For me, a critical factor in deciding whether it is appropriate to insert a Jewish voice into a public conversation is the potential result of silence. Would failure to speak result in lost lives? Would silence lead to the deaths of society’s most vulnerable? If the answer is yes, then that is reason enough to speak out.

Rabbi Scheier: It seems that my line of demarcation might be less utilitarian than yours. For me, a dramatic and definite outcome – even if derived through the “slippery slope” – is not the only prerequisite for Jewish values being voiced in a secular-society debate. Rather, Jewish thought has something to contribute to society at large, regardless of the case’s specific ramifications.

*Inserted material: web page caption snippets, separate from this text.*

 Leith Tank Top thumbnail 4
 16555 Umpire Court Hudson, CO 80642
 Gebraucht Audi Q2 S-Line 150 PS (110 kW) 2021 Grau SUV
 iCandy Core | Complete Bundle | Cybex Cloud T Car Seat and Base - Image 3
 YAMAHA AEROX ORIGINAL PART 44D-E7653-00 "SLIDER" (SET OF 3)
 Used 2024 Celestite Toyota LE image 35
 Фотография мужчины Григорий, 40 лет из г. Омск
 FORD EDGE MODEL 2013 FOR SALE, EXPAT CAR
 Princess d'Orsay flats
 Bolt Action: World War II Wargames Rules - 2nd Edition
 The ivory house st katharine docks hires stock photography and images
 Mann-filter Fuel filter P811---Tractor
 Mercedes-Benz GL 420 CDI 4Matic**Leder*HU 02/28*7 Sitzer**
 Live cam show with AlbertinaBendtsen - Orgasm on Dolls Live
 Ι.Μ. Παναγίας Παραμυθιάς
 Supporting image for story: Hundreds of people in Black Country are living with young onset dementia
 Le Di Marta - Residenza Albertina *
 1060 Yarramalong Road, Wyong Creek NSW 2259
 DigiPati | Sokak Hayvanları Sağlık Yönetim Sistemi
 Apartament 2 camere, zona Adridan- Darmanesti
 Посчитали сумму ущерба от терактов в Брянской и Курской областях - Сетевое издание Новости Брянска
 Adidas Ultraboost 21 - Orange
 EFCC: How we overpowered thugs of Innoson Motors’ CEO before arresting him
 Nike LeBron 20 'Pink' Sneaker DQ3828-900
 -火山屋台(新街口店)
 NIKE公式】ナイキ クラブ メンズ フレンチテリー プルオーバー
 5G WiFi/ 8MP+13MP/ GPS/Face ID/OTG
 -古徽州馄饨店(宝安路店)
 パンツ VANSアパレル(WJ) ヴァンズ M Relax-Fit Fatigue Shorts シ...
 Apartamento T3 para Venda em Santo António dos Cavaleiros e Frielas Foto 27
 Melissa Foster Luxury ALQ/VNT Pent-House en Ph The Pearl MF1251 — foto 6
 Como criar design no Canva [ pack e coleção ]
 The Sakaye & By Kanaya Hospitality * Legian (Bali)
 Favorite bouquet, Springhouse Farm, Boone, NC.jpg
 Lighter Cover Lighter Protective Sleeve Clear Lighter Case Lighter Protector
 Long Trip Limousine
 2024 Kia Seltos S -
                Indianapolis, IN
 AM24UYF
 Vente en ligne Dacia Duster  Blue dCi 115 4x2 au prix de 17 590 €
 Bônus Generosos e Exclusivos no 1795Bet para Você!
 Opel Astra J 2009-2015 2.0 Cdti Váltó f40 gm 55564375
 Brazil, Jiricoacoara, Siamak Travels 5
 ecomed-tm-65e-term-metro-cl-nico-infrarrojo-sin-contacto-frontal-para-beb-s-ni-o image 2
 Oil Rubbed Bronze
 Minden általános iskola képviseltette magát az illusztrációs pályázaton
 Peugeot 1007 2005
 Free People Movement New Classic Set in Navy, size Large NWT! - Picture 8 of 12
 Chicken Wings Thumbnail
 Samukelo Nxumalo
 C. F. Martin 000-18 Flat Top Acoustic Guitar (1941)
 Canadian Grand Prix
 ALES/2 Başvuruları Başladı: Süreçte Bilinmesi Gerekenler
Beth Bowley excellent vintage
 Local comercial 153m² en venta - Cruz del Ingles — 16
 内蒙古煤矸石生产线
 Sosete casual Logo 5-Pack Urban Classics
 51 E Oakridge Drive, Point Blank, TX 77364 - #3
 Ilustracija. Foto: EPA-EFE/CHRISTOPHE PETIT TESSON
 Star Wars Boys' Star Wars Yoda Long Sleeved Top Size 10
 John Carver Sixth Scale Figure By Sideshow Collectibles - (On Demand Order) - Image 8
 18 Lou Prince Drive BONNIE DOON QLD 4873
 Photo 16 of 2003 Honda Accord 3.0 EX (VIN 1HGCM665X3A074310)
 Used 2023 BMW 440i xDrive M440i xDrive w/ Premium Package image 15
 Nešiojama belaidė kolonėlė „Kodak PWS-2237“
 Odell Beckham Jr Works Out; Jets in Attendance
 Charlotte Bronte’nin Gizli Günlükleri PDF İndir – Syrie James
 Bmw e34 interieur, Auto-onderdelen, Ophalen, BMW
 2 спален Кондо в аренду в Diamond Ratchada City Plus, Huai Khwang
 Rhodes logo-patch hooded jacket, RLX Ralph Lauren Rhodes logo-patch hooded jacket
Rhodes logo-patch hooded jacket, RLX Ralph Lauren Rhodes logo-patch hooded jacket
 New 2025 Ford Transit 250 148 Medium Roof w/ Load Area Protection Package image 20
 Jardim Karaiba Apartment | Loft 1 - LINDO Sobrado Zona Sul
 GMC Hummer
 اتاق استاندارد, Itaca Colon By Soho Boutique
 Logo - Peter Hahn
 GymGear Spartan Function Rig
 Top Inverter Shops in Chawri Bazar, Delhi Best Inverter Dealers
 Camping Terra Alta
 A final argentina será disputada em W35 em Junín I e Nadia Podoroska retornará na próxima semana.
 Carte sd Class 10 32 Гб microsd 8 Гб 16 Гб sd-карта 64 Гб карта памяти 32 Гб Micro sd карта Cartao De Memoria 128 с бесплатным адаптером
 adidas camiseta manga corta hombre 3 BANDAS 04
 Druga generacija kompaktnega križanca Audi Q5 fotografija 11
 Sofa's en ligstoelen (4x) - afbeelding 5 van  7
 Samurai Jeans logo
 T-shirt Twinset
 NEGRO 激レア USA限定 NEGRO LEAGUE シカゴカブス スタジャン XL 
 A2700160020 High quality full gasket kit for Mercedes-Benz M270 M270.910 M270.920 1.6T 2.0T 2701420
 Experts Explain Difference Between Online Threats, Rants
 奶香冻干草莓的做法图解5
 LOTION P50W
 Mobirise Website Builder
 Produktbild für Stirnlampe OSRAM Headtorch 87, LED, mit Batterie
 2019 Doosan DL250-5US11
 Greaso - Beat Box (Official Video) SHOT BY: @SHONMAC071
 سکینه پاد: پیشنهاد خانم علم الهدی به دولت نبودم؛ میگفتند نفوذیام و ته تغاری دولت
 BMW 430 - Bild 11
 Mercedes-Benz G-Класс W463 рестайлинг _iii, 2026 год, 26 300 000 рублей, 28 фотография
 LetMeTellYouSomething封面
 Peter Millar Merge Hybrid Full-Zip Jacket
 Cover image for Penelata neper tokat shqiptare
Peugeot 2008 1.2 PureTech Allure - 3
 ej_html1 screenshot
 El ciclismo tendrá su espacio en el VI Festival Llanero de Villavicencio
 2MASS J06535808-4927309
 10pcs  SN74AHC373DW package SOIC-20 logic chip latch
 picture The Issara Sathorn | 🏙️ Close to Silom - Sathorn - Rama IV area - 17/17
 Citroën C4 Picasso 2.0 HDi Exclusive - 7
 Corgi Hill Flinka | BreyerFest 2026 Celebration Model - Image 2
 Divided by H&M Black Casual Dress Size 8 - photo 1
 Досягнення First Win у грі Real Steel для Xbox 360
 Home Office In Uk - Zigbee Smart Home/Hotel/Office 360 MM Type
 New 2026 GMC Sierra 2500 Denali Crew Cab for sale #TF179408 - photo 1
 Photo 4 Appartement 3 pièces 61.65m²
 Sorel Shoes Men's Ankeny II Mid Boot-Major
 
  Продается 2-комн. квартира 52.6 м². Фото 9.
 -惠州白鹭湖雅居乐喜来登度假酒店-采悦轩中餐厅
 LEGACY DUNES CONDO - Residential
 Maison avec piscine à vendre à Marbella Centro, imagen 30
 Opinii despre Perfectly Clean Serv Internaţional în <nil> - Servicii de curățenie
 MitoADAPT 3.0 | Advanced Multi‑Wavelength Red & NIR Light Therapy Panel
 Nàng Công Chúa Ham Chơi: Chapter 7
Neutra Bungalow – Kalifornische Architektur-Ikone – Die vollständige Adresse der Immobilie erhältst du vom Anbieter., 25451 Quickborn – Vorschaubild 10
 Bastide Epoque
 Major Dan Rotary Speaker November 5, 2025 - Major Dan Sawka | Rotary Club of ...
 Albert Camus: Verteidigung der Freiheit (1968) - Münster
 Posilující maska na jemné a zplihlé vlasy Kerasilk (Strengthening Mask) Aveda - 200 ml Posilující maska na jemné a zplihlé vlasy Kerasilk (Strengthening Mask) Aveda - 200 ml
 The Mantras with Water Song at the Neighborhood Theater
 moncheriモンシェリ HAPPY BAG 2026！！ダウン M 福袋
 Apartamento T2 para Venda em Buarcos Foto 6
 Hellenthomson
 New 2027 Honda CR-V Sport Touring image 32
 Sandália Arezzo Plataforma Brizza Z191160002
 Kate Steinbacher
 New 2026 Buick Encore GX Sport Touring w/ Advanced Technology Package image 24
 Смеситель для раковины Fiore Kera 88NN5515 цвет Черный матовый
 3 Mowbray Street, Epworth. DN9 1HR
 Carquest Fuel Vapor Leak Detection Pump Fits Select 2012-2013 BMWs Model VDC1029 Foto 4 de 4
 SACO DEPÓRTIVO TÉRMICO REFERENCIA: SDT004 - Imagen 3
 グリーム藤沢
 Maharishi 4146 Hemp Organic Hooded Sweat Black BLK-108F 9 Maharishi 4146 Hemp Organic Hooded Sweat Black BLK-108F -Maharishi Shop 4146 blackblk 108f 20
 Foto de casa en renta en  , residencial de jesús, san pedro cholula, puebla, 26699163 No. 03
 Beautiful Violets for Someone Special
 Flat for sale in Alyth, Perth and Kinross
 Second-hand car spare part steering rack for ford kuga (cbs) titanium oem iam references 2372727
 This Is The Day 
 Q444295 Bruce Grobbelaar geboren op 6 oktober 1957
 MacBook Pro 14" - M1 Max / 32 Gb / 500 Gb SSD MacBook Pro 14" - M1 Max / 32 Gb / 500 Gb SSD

While I recoil at the idea of one religion’s system of values determining policy for society at large, I do believe that values-based morality should inform both major and minor issues that any society faces. In Jewish law and the Torah, we have a foundation for moral society. It would be a shame to silence these values simply because they emerge from a religious tradition.

Perhaps at the end of the day, what motivates this conversation is the desire to live in a values-based society, in which our leaders make decisions based not on whim or opinion, but on a value system that is tried and true. For us, the Torah provides the backbone and structure to how we process life and its challenges. The struggle, perhaps, of living in a multicultural, secular society, is to construct policies that neither completely mimic nor fully reject the various traditional value systems present in that society.